One of the targets set under the administration of Nnaji was the quest to raise the level of power generation. The former minister had said he would move power generation to 6000 MW by December 2012. Indeed, President Jonathan recently disclosed that an additional 5,000 MW would be added to the national grid by 2013 from 10 new power plants which are currently under construction nationwide. Lending his voice to the campaign for an improvement in power delivery, the Director-General of the United Nations Industrial Development Organisation (UNIDO), Dr. Kandeh Yumkella, had urged the federal government to develop and implement a blueprint on cheap and sustainable energy that will transform the country into an industrial power house in the coming decades. He said Nigeria would need 20,000MW over 20 years to be a power house and added that while private investors and international banks would be ready to lend Nigeria money for electricity, there were, however, fears of policy changes because of change in government. He said Nigeria's population is projected to hit 300 million in 25 years with 90 per cent of them under 25 years who would need to be employed.
However, stakeholders in the industry wonder if the change of baton at the power ministry would not constitute a setback to the current drive given the fact that the new helmsman at the ministry may have to familiarise himself with the realities on ground, a development which industry operators say may make nonsense of the target already put in place by the immediate past minister. The matter is even made worse by the fact that the selection of a minister for the power ministry which is considered as one of the plum portfolios is usually characterised by delay associated with the nomination and clearance by the Senate.

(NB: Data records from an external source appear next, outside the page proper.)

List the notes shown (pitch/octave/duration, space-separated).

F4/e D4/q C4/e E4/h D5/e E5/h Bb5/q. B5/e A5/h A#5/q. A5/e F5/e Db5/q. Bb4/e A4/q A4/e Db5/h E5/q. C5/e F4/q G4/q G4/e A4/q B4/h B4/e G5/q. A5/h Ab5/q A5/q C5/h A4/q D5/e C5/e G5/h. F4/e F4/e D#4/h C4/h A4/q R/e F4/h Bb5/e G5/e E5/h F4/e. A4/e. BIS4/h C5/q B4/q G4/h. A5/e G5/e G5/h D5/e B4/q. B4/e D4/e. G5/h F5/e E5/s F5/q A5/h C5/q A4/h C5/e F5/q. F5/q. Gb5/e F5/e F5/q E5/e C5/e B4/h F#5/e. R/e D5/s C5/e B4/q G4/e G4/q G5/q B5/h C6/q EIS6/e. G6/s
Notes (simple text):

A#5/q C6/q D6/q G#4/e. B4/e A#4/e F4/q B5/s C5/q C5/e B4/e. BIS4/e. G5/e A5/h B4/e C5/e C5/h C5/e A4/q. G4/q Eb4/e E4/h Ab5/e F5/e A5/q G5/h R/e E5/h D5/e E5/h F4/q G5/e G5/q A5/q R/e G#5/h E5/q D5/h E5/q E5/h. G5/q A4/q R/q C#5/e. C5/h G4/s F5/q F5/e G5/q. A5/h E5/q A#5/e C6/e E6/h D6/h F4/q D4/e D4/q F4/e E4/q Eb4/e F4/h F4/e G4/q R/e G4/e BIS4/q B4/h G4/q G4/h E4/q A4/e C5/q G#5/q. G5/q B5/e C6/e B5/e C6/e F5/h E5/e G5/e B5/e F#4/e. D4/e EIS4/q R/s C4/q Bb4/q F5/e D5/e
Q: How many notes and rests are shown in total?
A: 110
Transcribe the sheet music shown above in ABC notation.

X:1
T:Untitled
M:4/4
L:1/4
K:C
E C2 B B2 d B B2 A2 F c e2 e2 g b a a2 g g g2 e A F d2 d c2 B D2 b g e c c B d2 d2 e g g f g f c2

One other unfinished business left behind by the former minister is the issue of gas supply. According to Nnaji, as at December 2011, the nation could technically have produced 5,500MW; thereby exceeding its 5000MW target, but only a little over 4,000MW was generated because of gas constraints. Records show that 70 per cent of Nigeria's power is generated from thermal stations while only 30 per cent is from hydro stations. Gas constraints account for the decline in power availability, and it is expected that the 12-month emergency gas to power supply recently declared by the Minister of Petroleum Resources, Mrs. Diezani Alison-Madueke, will substantially improve gas supply to the power sector in order for the trapped capacities at the various thermal stations to be released to the grid. The current power generation which is the highest power output ever generated in Nigeria, has, however, been attributed to the sharp increase of gas availability to the thermal plants, even as Prof. Nnaji informed that when fully stabilised, the country's power supply could easily hit 5,000MW. Going by the change of guard at the power ministry, there is no doubt that the incoming minister may have to open another line of communication with gas producers, thereby dragging the entire process back. However, whether or not the Federal Government will be able to achieve the time-table set for the ongoing power sector reforms will be dependent on how speedily it is able to clear all the controversies that have reared their heads in the exercise.